Also these command require \texttt{root} privileges.
\begin{verbatim}
mountpoint=$(mktemp -d)
mount /dev/<name>1 "$mountpoint"
tar -C "$mountpoint" -xf alpine-rpi-3.19.0-aarch64.tar.gz
umount /dev/<name>1
sync
\end{verbatim}
Afterwards the SD card can be inserted into the Raspberry Pi. To do initial
configuration it should be connected to a screen via HDMI. Also a keyboard has
to be connected via USB. A mouse is not required. Finally the Pi should be
powered up by connecting a USB power supply to the corresponding USB power
input of the Raspberry Pi. Text from the boot process should be displayed on
the screen.
After logging in with the username \texttt{root} and no password basic system
configuration on Alpine Linux can be done interactively with
\texttt{setup-alpine}. The Alpine Linux installation
guide\footnote{\href{https://wiki.alpinelinux.org/wiki/Installation}{https://wiki.alpinelinux.org/wiki/Installation}}
contains further details. When a diskless installation is chosen the
configuration changes have to be made persistent with the \texttt{lbu} command.

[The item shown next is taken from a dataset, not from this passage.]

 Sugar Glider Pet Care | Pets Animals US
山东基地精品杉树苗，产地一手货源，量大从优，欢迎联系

Otherwise they will be lost on the next reboot.
\begin{verbatim}
setup-alpine
lbu commit -d
\end{verbatim}
With this setup the Alpine Linux installation is completed.
\section{Configure Alpine Linux for soundbox}
\subsection{Package installation}
soundbox requires packages from the Alpine Linux community package repository.

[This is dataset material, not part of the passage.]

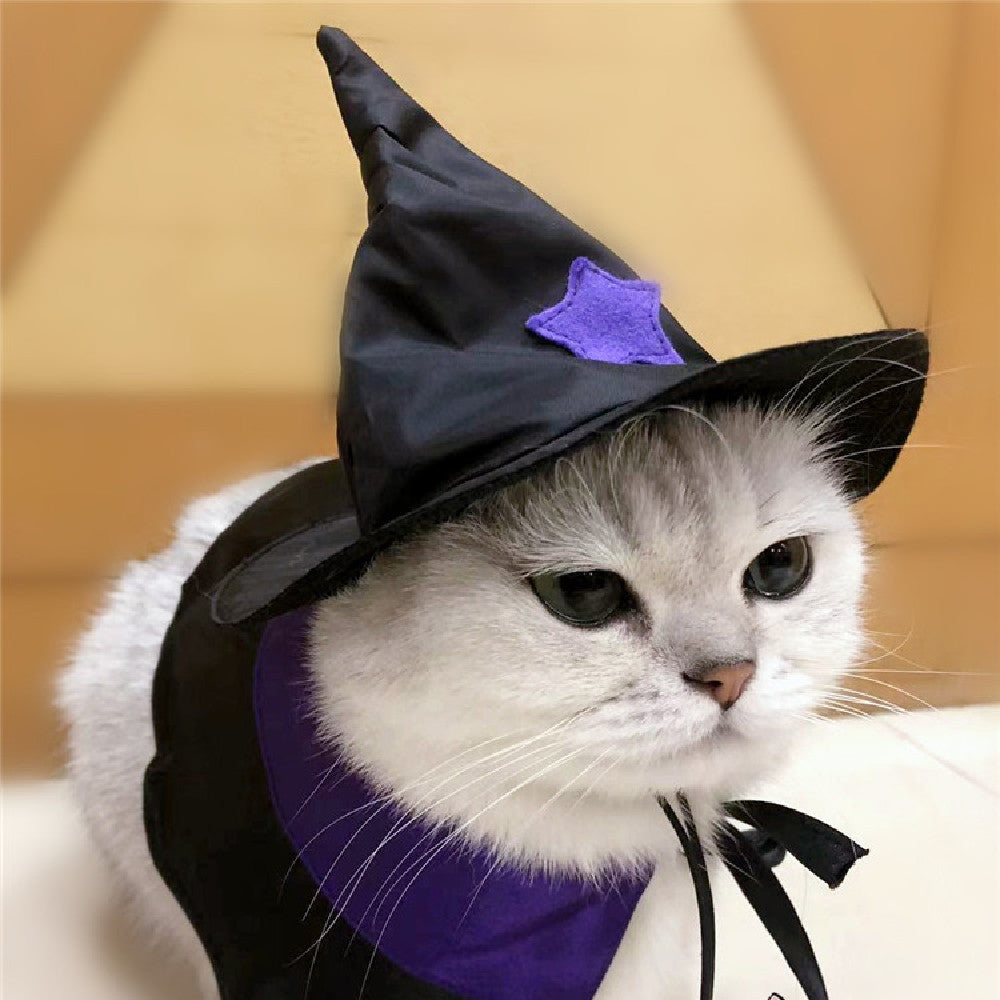 Ensemble de costumes pour animaux de compagnie Magicien magique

Since this is not enabled by default it has to be done manually. This can be
done by editing the \texttt{/etc/apk/repositories} file with an editor like
\texttt{vi}. The hash sign \texttt{\#} in front of the URL to the community
repository has to be removed. Instead also \texttt{sed} can remove this sign on
a fresh installation quite easily since the community repository is the only
one with such a sign in front of it.
\begin{verbatim}
sed -i 's/^#//g' /etc/apk/repositories
\end{verbatim}
With an enabled community repository all required packages for soundbox can be
installed. The list with required packages can be written to the
\texttt{/etc/apk/world} file with \texttt{echo}. Running \texttt{apk add} after
it will install all of these packages including their dependencies and removes
everything else. This makes sure that always exactly the same set of packages
is used for a soundbox device.
\begin{verbatim}
echo 'alpine-base
alsa-utils
alsaconf
busybox-mdev-openrc
chrony
ffplay
iw
lldpd
lldpd-openrc
openssh
openssl
wpa_supplicant' > /etc/apk/world
apk add
\end{verbatim}
\subsection{LLDP network discovery}
To make the soundbox device discoverable inside the network the Link Layer
Discovery Protocol (LLDP) is used. With \texttt{echo} a new configuration file
for the \texttt{lldpd} software can be added. After configuration the
\texttt{lldpd} service is enabled via \texttt{rc-update} to start by default
with the next reboot.
\begin{verbatim}
echo 'configure system hostname soundbox.local
configure lldp agent-type nearest-customer-bridge' \
> /etc/lldpd.d/soundbox.conf
rc-update add lldpd default
\end{verbatim}
\subsection{Audio configuration}
The only user on a soundbox device is \texttt{root}. Even that super user has
to be added to the \texttt{audio} group to be able to play sound via ALSA. This
can be achieved with \texttt{addgroup}.
\begin{verbatim}
addgroup root audio
\end{verbatim}
soundbox uses the HiFiBerry shield to output high-quality audio. This shield
needs to be enabled as an audio output by specifying a Devicetree overlay in
the Raspberry Pi configuration file with \texttt{echo}. Since this file is
stored on the SD card only which is mounted as read-only it has to be remounted
with the read-write option first.
\begin{verbatim}
mount -o remount,rw /media/mmcblk0p1
echo 'dtoverlay=hifiberry-dac' >> /media/mmcblk0p1/config.txt
\end{verbatim}
If the builtin audio of e.g. a Raspberry Pi 4 should be used another Devicetree
option has to be inserted instead:
\begin{verbatim}
echo 'dtparam=audio=on' >> /media/mmcblk0p1/config.txt
\end{verbatim}
\subsection{soundbox script}
soundbox uses the command \texttt{ffplay} for playback. A script has to be
added to call the command over and over again to allow new connections. The
script can be added with \texttt{echo} and is made executable with
\texttt{chmod}. \texttt{lbu add} will make sure that the script will be made
persistent by calling \texttt{lbu commit} later (see
section~\ref{lbu-persistence}).
\begin{verbatim}
echo '#!/bin/ash
set -e
while true
do
ffplay -autoexit tcp://0.0.0.0:5316?listen
done' > /usr/local/bin/soundbox
chmod 755 /usr/local/bin/soundbox
lbu add /usr/local/bin/soundbox
\end{verbatim}
This makes the command \texttt{soundbox} available on the system.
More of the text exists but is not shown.